"POETICIDADES E OUTRAS FALAS"
RUBENS DA CUNHA

Reside em Joinville, SC. Autor de "Campo Avesso" e "Visitações do Humano". Acadêmico de Letras. Escreve semanalmente no Jornal A Notícia e coordena o Grupo de Poetas Zaragata. Na Web tem o e-book: "A busca entre o vazio", disponível para download, na URL: <http://www.arcosonline.com/index.php?option=content&task=view&id=146&Itemid=>.
Blog "Casa de Paragens": <www.casadeparagens.blogspot.com>.

Coluna de 26/9/2012
 (próxima coluna: 9/10/2012)

 

O homem: anjo e animal

                      O filósofo Pascal dizia: “O homem não é anjo nem animal; e, por infelicidade, quem quer ser anjo é animal”. O homem é um paradoxo feito de carne e alma, porém está preso à carne.
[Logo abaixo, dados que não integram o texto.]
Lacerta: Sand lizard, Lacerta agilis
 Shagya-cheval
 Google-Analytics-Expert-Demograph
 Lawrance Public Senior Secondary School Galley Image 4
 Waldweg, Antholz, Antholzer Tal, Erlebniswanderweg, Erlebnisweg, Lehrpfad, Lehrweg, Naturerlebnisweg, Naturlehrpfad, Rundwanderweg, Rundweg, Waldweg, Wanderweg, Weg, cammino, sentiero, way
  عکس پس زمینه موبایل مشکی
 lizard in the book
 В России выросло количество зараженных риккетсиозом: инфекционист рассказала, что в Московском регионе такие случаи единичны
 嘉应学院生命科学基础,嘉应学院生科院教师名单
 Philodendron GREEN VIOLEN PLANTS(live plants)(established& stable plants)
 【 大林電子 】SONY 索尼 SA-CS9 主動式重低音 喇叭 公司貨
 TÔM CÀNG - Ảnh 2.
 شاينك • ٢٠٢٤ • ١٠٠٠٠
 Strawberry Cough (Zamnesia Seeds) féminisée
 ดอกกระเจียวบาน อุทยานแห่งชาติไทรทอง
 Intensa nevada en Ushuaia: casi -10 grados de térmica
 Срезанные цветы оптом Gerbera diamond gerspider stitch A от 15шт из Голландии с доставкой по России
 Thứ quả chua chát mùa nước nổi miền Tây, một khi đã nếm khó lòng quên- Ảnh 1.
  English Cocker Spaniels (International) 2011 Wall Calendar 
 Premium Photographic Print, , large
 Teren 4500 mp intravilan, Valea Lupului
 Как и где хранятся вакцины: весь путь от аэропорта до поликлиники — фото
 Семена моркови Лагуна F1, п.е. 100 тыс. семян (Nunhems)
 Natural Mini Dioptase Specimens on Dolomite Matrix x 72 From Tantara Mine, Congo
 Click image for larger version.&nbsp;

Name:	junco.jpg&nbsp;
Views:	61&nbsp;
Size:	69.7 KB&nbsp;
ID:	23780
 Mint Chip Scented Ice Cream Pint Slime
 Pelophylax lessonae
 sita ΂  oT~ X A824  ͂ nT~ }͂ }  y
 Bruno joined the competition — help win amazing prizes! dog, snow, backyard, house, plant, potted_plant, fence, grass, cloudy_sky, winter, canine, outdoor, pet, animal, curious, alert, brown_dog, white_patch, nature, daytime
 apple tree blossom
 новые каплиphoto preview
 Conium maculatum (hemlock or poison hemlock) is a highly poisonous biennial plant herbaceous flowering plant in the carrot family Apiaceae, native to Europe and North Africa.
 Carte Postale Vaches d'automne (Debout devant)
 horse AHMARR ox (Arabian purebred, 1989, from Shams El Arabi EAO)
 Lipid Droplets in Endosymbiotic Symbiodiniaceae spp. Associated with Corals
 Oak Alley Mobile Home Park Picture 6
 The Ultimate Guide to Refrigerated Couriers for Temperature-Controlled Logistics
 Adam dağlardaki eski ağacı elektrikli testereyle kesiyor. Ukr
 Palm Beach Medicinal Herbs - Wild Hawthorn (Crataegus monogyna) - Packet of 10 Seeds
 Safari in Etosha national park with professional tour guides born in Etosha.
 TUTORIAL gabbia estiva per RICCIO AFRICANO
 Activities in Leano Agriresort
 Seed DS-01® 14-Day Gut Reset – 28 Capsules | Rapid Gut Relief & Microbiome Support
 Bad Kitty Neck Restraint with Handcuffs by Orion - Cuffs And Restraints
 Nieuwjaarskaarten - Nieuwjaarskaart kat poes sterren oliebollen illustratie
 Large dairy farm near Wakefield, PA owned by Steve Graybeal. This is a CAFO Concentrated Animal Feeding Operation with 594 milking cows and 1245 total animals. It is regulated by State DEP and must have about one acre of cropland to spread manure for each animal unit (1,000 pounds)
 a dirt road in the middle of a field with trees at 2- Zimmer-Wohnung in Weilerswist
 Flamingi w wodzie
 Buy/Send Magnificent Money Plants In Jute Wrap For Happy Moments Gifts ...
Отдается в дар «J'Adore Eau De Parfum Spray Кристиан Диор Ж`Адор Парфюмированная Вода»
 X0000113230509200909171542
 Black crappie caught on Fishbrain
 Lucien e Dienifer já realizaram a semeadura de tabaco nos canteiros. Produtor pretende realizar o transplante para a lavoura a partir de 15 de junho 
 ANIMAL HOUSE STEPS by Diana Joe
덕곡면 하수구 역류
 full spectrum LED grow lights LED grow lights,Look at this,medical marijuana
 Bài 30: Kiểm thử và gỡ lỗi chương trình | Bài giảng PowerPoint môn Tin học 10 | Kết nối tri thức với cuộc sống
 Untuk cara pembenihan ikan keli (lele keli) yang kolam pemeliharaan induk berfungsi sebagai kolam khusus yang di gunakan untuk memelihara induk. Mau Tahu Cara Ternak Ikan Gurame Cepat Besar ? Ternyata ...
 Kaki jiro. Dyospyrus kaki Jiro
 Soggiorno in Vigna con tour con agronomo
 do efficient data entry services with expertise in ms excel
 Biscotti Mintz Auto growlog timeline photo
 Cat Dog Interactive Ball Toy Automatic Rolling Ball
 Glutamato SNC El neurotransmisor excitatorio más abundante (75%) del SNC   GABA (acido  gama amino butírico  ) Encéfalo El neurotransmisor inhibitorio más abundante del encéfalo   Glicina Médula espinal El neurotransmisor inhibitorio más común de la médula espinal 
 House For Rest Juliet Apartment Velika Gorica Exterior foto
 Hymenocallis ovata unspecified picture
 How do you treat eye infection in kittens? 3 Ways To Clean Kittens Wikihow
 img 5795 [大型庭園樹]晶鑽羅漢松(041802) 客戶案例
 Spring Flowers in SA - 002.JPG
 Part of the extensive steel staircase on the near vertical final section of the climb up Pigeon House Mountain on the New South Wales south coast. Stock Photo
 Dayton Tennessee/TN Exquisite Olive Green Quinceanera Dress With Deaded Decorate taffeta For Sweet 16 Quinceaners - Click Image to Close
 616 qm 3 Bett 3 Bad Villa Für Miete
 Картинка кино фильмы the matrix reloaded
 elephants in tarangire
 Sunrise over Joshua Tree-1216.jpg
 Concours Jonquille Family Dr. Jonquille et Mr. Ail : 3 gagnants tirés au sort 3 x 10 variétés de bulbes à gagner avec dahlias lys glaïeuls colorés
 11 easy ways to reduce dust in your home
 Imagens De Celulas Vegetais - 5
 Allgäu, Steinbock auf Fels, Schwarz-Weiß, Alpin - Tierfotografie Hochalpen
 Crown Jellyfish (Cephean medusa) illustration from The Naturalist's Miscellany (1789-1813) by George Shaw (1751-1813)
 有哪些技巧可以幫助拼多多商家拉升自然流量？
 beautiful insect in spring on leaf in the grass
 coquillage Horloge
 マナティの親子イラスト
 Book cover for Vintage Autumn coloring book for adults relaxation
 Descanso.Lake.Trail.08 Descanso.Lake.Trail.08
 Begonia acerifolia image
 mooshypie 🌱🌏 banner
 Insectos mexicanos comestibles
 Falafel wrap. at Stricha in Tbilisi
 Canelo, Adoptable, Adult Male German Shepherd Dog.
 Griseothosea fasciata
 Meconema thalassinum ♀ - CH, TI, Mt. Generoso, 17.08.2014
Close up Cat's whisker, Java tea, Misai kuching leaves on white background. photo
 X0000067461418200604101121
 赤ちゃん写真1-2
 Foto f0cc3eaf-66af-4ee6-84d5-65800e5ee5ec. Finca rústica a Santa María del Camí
É o que os seus sentidos e a sua razão conseguem provar, todo o resto entra no campo da especulação, ou como preferem os crédulos, da fé: alma, ressurreição, vida após a morte, céu, anjos, inferno, espíritos malévolos e, em última análise, Deus, estão no campo do mistério, da ausência de provas científicas, estão naquela parte da vida que faz o homem um animal preocupado, não somente com a sobrevivência imediata, como todos os outros animais, mas com a sobrevivência na eternidade.
                      Diferente de Pascal, penso que o homem seja um animal preso aos dois sentidos da palavra escatologia, que, sob o ponto de vista cristão, é a expectativa real da chegada do reino de Deus, o momento em que os anseios da alma humana serão apaziguados. A escatologia também se remete ao escatol, composto cristalino que dá o cheiro desagradável às fezes, que é também o dejeto, o vômito, o pus, o decrépito, as feridas, as coceiras, os escarros, as excreções que o corpo humano produz. É com essa dualidade que temos que viver: um corpo perecível que quer ser anjo na eternidade.
                      Alguns optam por acreditar apenas no corpo, acreditar apenas na temporalidade, outros optam por crer num além, numa eternidade que nos aguarda após a morte, outros ainda acreditam que para chegar à eternidade, a alma deverá vir algumas vezes ser corpo perecível, ser animal. Enfim, são variantes de crenças a respeito da morte, do após a morte, que não definem uma pessoa, não fazem dela má ou boa eticamente, apenas ajudam a pessoa a enfrentar a pior das sabedorias: o saber que vai morrer. O homem é capaz de dizer “eu quero morrer” e providenciar seu desejo, no entanto, não é possível realizar o contrário: por mais que digamos “eu não quero morrer” o desejo não poderá ser realizado. Como diz a piada, viva seu dia como se fosse o último, um dia você acerta.
                      A sabedoria popular também diz que a morte é a única certeza que temos, o engraçado é que tal certeza parece não afetar muita gente, que age como se não fosse morrer, não fosse acabar igual a todos, na vala comum dos ossos (para os que acreditam nisso); ou enfrentar o julgamento final (para os outros que nisso acreditam). Ressalte-se que esse tipo de gente não é exclusividade de ateus, agnósticos ou crentes. Os túmulos caiados por fora e podridão por dentro, estão em todos os cantos, estão corrompendo, matando, espalhando a dor e a miséria, fazendo do homem um animal da pior espécie. Somos tão paradoxais que do outro lado, existem outros que são solidários, afetuosos, caridosos, capazes de sacrifícios gigantescos pelo bem bem-estar do próximo. Estes fazem do homem a melhor espécie.
                      Assim, presos às escatologias, querendo ser anjos, sendo animais, seguimos. Até o dia que a cada um será revelado a verdade sobre o que há (se há alguma coisa...), depois da morte.